### [Try it]
Transcribe the data in full and exactly, omitting any pictures.

### [Recorded data]
=-=-=-=-=

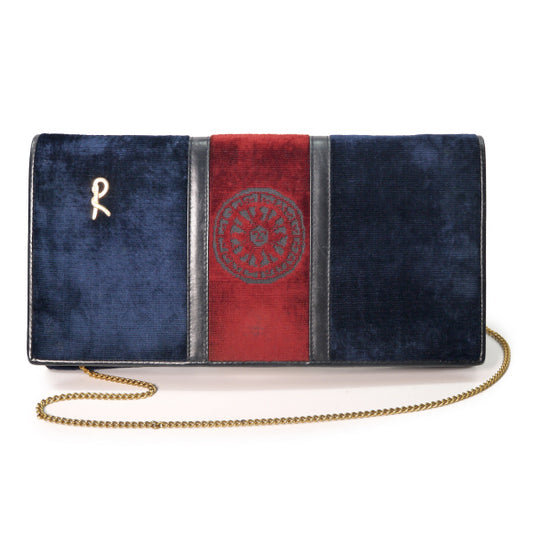 Old Roberta　メリディアーナ モケットバッグ（紺×赤）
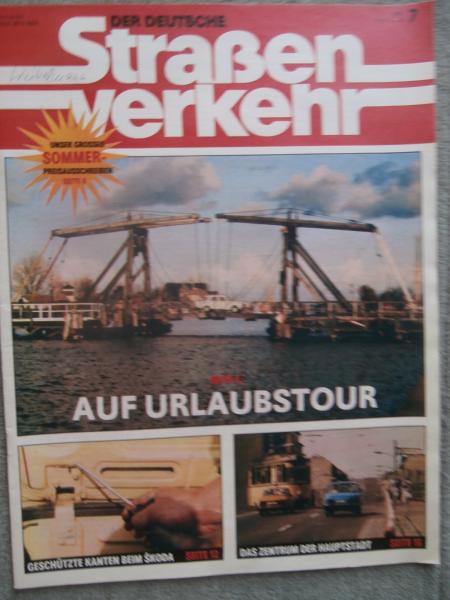 Der Deutsche Straßenverkehr 7/1985 Moskwitsch 2141,Yamaha FZ750,Lada 2108,Velourex 700,Citoren Visa,Autoradio Tesla 2110 B-1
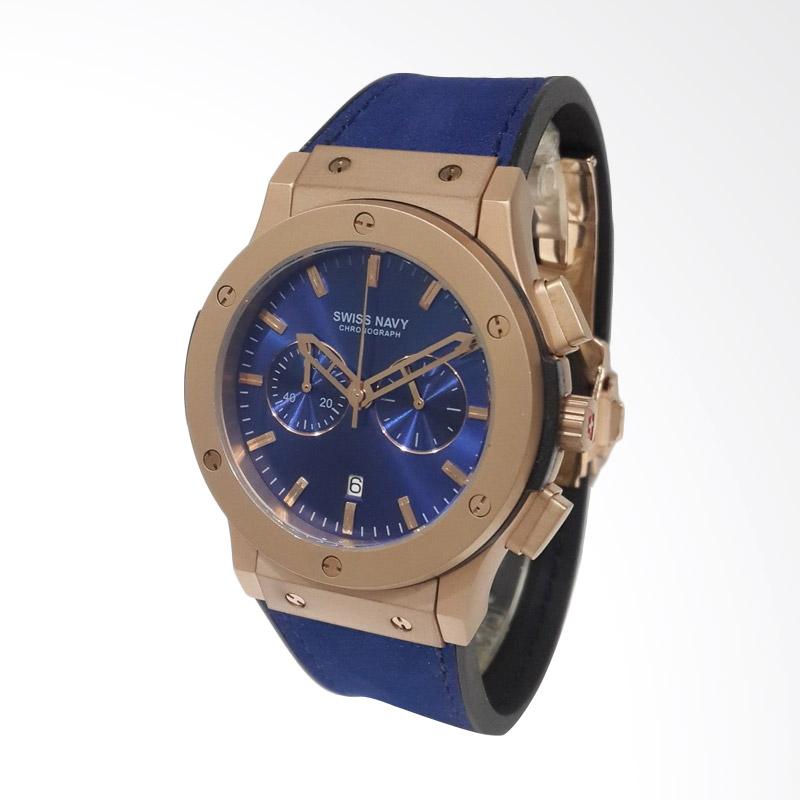 Swiss Navy Jam Tangan Pria Blue Rubber Strap Rose Gold 8311MRGBLBL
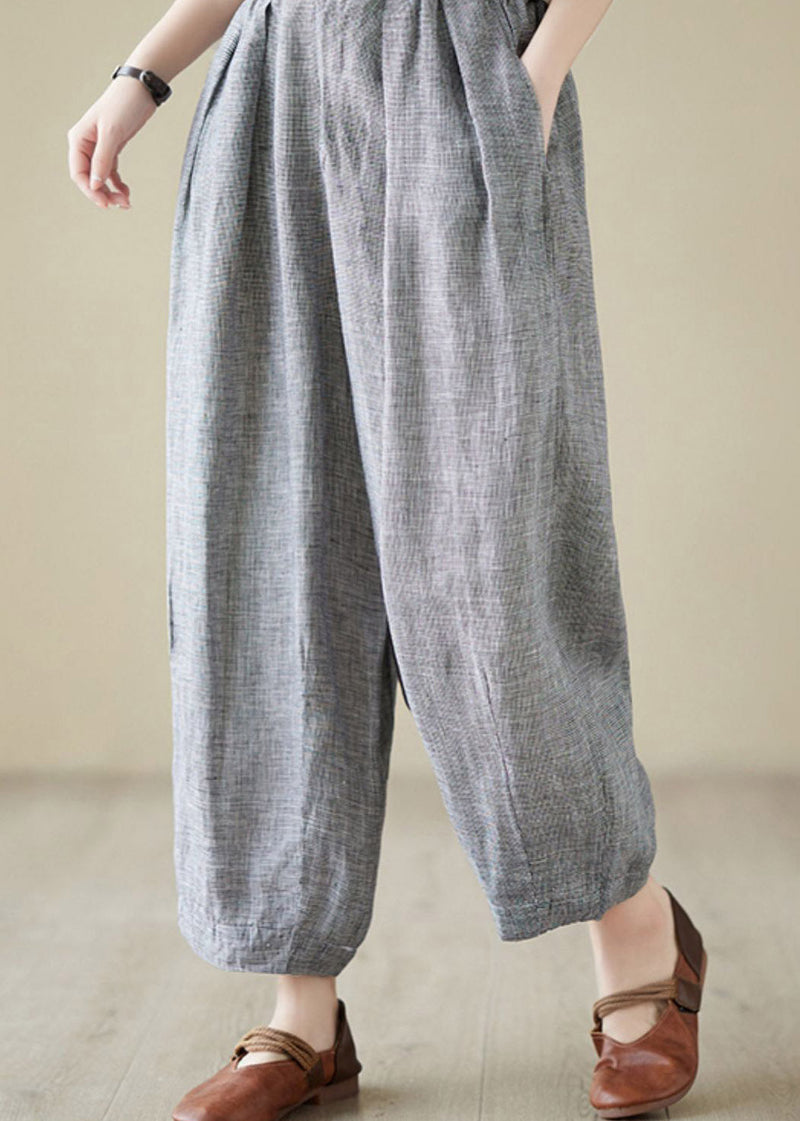 Light Grey Elastic Waist Linen Lantern Pants Summer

=-=-=-=-=

### [Solution]
 Old Roberta　メリディアーナ モケットバッグ（紺×赤）
 Der Deutsche Straßenverkehr 7/1985 Moskwitsch 2141,Yamaha FZ750,Lada 2108,Velourex 700,Citoren Visa,Autoradio Tesla 2110 B-1
 Swiss Navy Jam Tangan Pria Blue Rubber Strap Rose Gold 8311MRGBLBL
 Light Grey Elastic Waist Linen Lantern Pants Summer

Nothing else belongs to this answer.